Studio album by Fat Joe and Remy Ma
- Released: February 17, 2017
- Recorded: 2015–2017
- Genre: Hip hop
- Length: 45:19
- Label: RNG; Empire;
- Producer: 808-Ray; iLL Wayno; Edsclusive; Eric Kovacs; iLLA; Street Runner; Tarik Azzouz; Vindata;

Fat Joe chronology
| The Darkside III (2013) | Plata O Plomo (2017) | Family Ties (2019) |

Remy Ma chronology
| I'm Around (2014) | Plata O Plomo (2017) | Reminisce (TBA) |

Singles from Plata O Plomo
- "All the Way Up" Released: March 2, 2016; "Cookin" Released: August 3, 2016; "Money Showers" Released: November 11, 2016; "Heartbreak" Released: June 11, 2017;

= Plata O Plomo =

Plata O Plomo is the collaborative studio album by American rappers Fat Joe and Remy Ma, released February 17, 2017 by RNG (Rap's New Generation) and Empire.

==Background==
The title of the album, "plata o plomo", translates from Spanish to "silver or lead", meaning "money or bullets". The phrase was used by Colombian drug lord Pablo Escobar who would offer government officials and law enforcement the choice of taking a bribe, or having a murder contract placed against them. Fat Joe commented: "The name of the album is called Plata o Plomo... money or bullets. You know what I'm saying?

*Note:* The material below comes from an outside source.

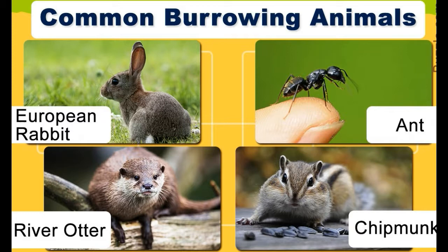Burrowing animals, as their name suggests, excavate tunnels into the ground to create space to live and reproduce. Buzzel provides a picture gallery of some burrowing animals. Take a look.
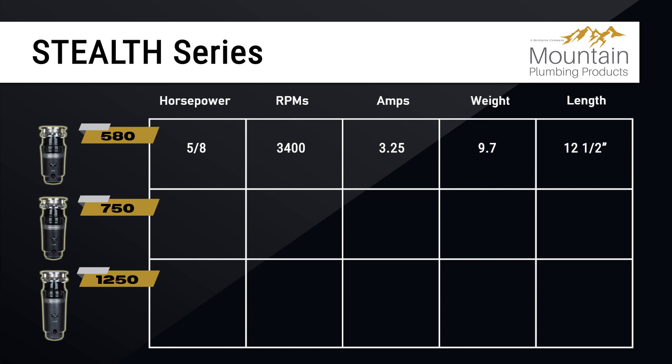The Stealth 750 features ¾ horsepower at 3,600 RPMs and 5 amps, weighing in at 11.5 pounds, with a length of 13 and 3/16 inches.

However you want it."

==Critical response==

Neil Yeung of AllMusic gave the album 3.5 out of 5 stars, praising the album for its mix of old school hip-hop with a new modern radio-friendly sound, saying that the album "plays like a mixtape (or playlist) with a wide variety of club-friendly hip-hop that often tugs on '90s nostalgia heartstrings while updating their sound with 2017 production". XXL gave the album four out of five stars, noting that the album is a "a triumphant return for Fat Joe and Remy Ma. Scott Glaysher of HipHopDX gave the album a 3.2 out of 5 stars, saying: "Plata O Plomo was definitely made with the right intentions and features some solid rapping but the most memorable moment remains “All the Way Up” which has since been inducted into Hip Hop's overplayed archives."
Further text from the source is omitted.